Well color me surprised. An oil company lied and tried to cover it’s ass? Never!
Mark Proegler, a spokesman for oil giant BP PLC, said a mile-long tube inserted into a leaking pipe over the weekend is capturing 210,000 gallons a day – the total amount the company and the Coast Guard have estimated is gushing into the sea – but some is still escaping. He would not say how much.
Several professors who have watched video of the leak have said they believe the amount spewing out is much higher than official estimates.
For a looksie at the varying opinions on the damn thing click here:
Proegler said the 210,000 gallons – 5,000 barrels – has always been just an estimate because there is no way to measure how much is spilling from the seafloor.
“I would encourage people to take a look at the changing amount of oil coming from the ocean floor,” said Steve Rinehart, another BP spokesman. “It’s pretty clear that now that we’re taking 5,000 barrels of oil a day, there’s a significant change in the flow reaching the sea.”
A live video feed of the leak posted online Thursday at the insistence of U.S. Rep. Edward J. Markey, D-Mass., shows what appears to be a large plume of oil and gas still spewing next to the tube that’s carrying some of it to the surface.
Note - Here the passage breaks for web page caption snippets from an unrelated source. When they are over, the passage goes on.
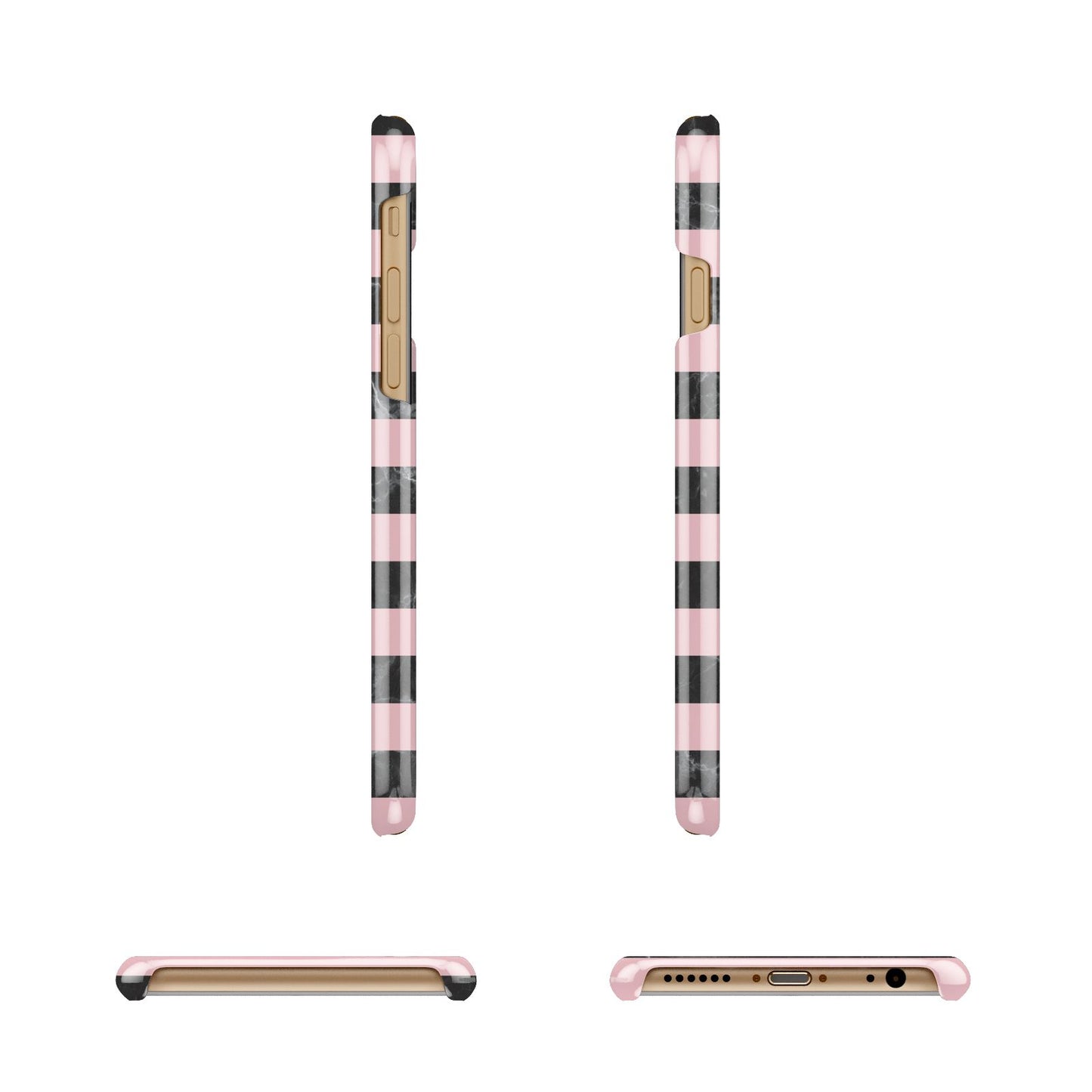 Marble Black Pink Striped Apple iPhone 6 3D Wrap Snap Case Angled Images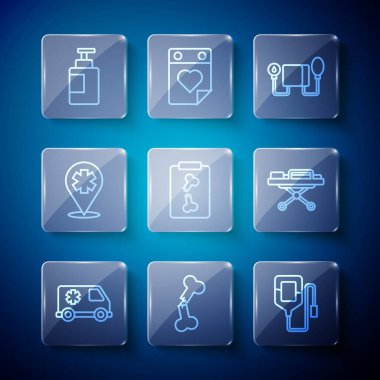 Acil durum arabasını hazırlayın. Kırık kemik torbası. Kan basıncı röntgeni. Haç hastanesi el dezenfektanı şişesi ve sedye ikonu. Vektör.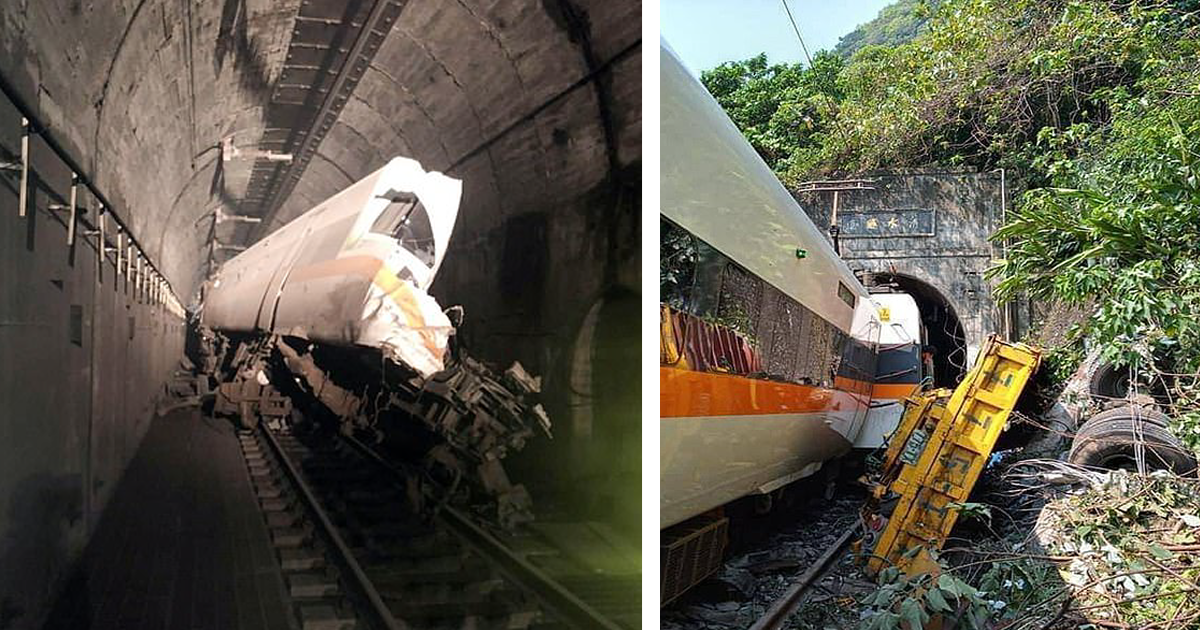 На Тайване поезд врезался в грузовик и сошел с рельсов, не менее 41 человека погибли (19 фото + 1 видео)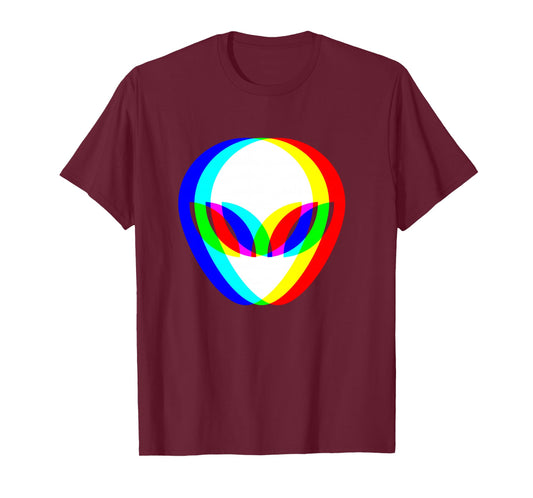 Alien Head Trippy Vaporwave Techno Rave EDM Music Festival Long Sleeve T-Shirt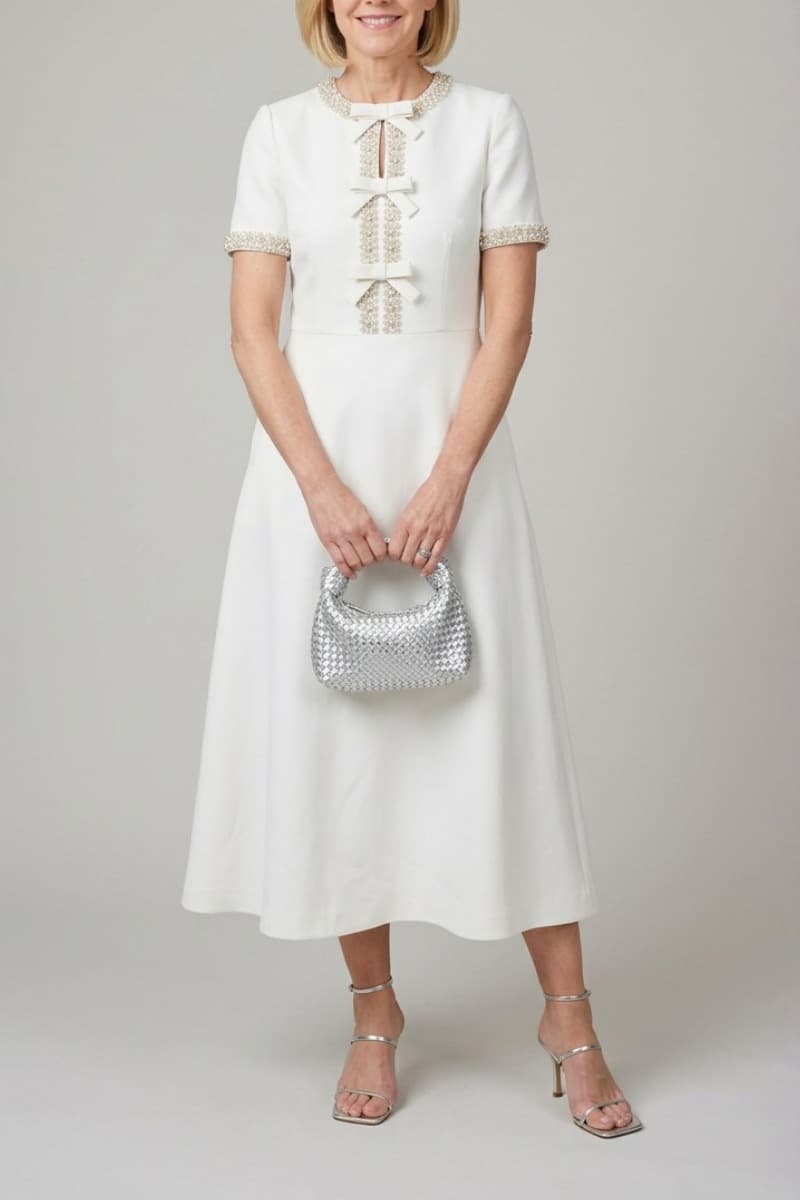 Estelle | Bow Crystal Midi Dress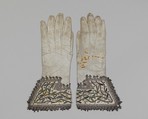 Pair of gloves, Leather, satin, lace, British
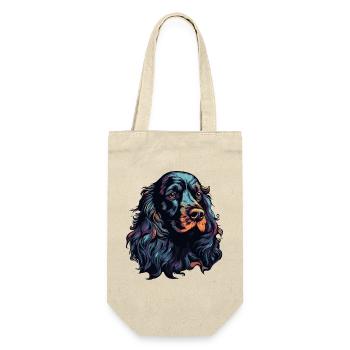 Spaniel Hund Kopf Schwarz Bunt - Geschenkbeutel für Flaschen - Natur - Vorne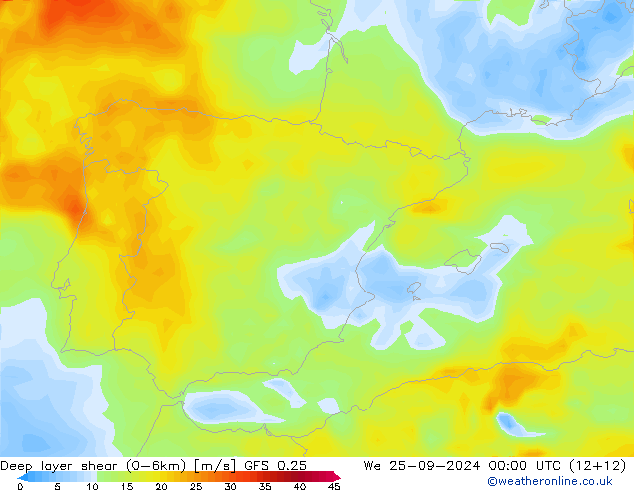 Deep layer shear (0-6km) GFS 0.25 We 25.09.2024 00 UTC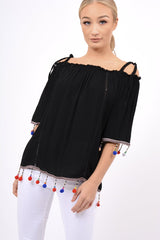 Black Bardot Pom Pom Top - Seren-Tops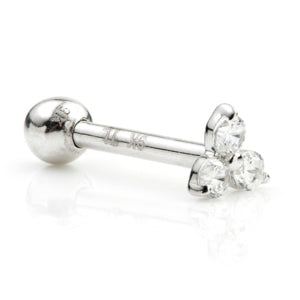 9ct White Gold Cz Cartilage Earring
The well blew out after an explosion a month ago on the offshore drilling rig Deepwater Horizon that killed 11 people. At least 6 million gallons have spilled so far, making it the worst U.S. environmental disaster in decades. The Exxon Valdez tanker spilled 11 million gallons in Alaska in 1989.
There is little arguing that three weeks after the initial explosion that sunk, the Deepwater Horizon BP and their executives look insensitive, irresponsible, callous, and, at present, largely unaccountable for their actions.
Compounding their woes even further is the childish display that they, Haliburton, and Transocean put on for the public as they shrugged responsibility and instead pointed the finger of blame at each other in front of congress.
BP’s primary PR objective was damage control. This damage control was both immediate and forward-looking. Immediately they would need to dominate the coordination of press in the Gulf states.
Second, they would need to pacify the people whose livelihoods would be directly impacted by the oiling of the waterways.
Within five days of the disaster, reports started coming in of coastal residents being approached with contracts that equated the forfeiture of their rights to file claims against BP. Many local workers signed these in exchange for temporary paid positions as part of the marine cleanup.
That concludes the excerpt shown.